Helping Your Student Make the Most of the Residence Hall Experience
Sending a child to college may be a new experience for you or it may be old hat by now. Regardless, the college experience will undoubtably bring about a new phase of your relationship with your son or daughter. Your student will encounter challenges, successes, emotions, and growth along the way.
You can be supportive of him or her during the first year in several ways:
- Show an interest but don't be intrusive - There are many new things going on in your son or daughter's life right now. Demonstrate that you care by asking questions and showing a genuine interest. If the student isn't talking don't press the issue. Give him or her some time and let them dictate when is a good time to converse.
- Give your student some room to get adjusted to college and the residence hall - It may be hard, but giving your son or daughter space during the first few months can be very important to his or her adjustment. Limit the frequency and duration of phone calls home or to the student. Spend more time talking about all the great things going on at college rather than on what the student is missing at home. Refrain from sharing your own worries and emotions about your child moving away to college. Also, encourage your son or daughter to spend weekends at school and limit the number of visits home. While these things may be difficult for both parent and student at times, they do help both become accustomed to the new situation.
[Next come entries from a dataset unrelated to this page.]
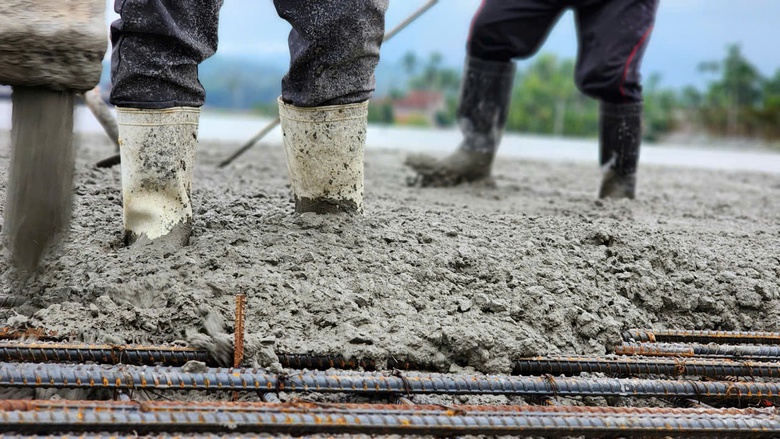 Đổ mẻ bê tông cuối cùng trên cầu sông Vệ, cao tốc Quảng Ngãi - Hoài Nhơn- Ảnh 7. Đổ mẻ bê tông cuối cùng trên cầu sông Vệ, cao tốc Quảng Ngãi - Hoài Nhơn- Ảnh 7.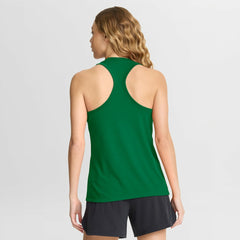 Philadelphia Eagles Women's Hurry Up Tri-Blend Dri-FIT Tank Top Kelly Green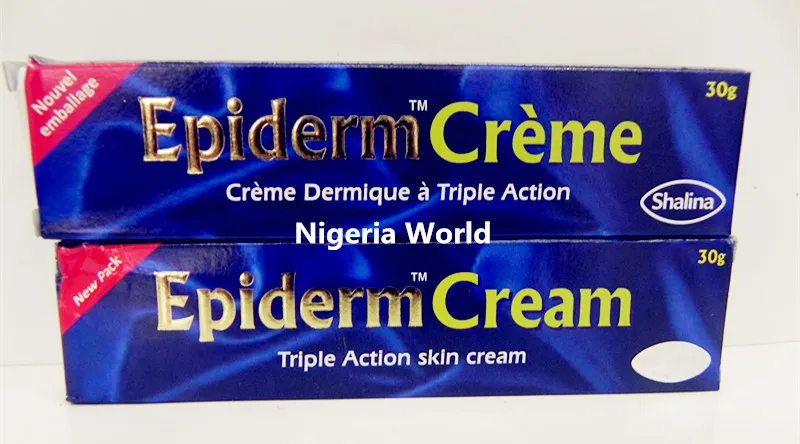 Крем для кожи Epiderm Triple Actionn 30 г | Красота и здоровье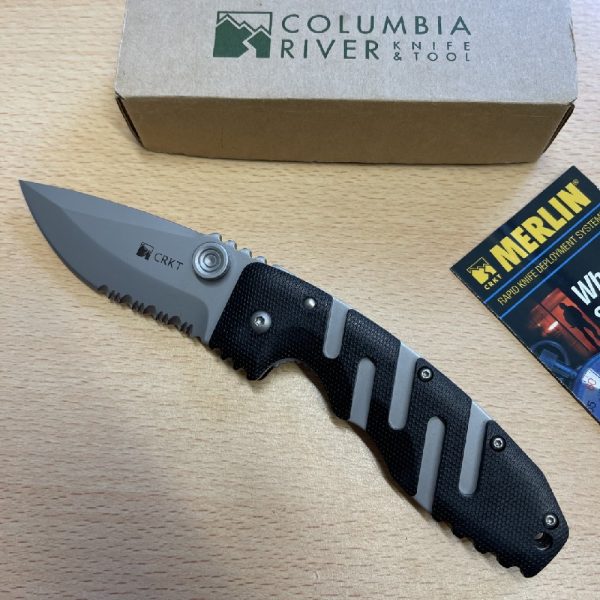 CRKT Ryan 7 - 6813 Ryan Seven - Design by knife maker Steve Ryan. - Image 2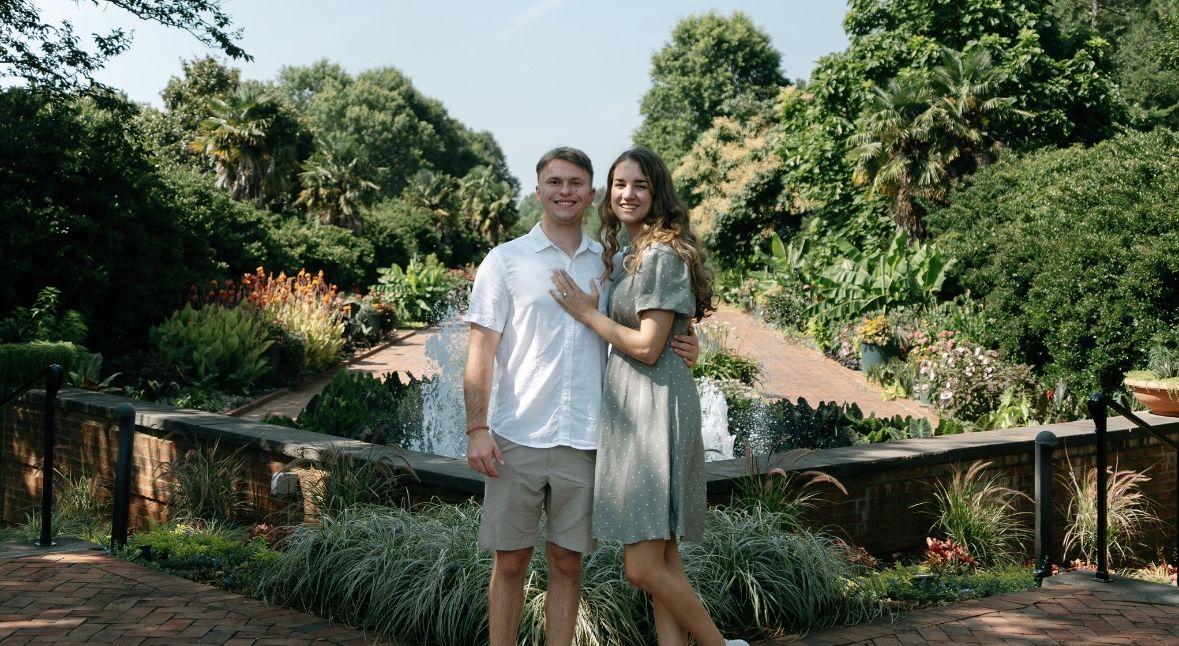 The Wedding Website of Malaika Hall and Garrett Joy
- Let your student solve his or her own problems - As a parent, it is natural to want to step in to help your student when he or she is having a problem. However, by solving the problem for them, you rob the student of a valuable educational experience. Problem solving is a skill that every adult needs. When your student is faced with an issue--roommate conflict, class scheduling difficulty, financial aid concern--encourage him or her to find a solution. You can be there to offer support and guidance, but let them handle it. The more experience the student gets dealing with problems the better he or she will become at handling them.
- Understand that the student will become more independent - He or she will be faced with a great deal of responsibility and will be held accountable by others. The student is responsible for determining who he or she spends time with, when to go to bed, what to eat for dinner, how much studying is necessary, and how to budget money. You may not always agree with his or her choices but you can be supportive and sensative to this new time in their life.
- Communicate clearly and upfront about what your expectations for break periods are going to be - Your son or daughter has been living differently than when he or she was at home. When break times rolls around, don't assume everything will be just like it was before. Be sure to clearly communicate what curfews are in place, how much time should be spent with the family vs. friends, and what house rules are in place. Being upfront will make things go much smoother.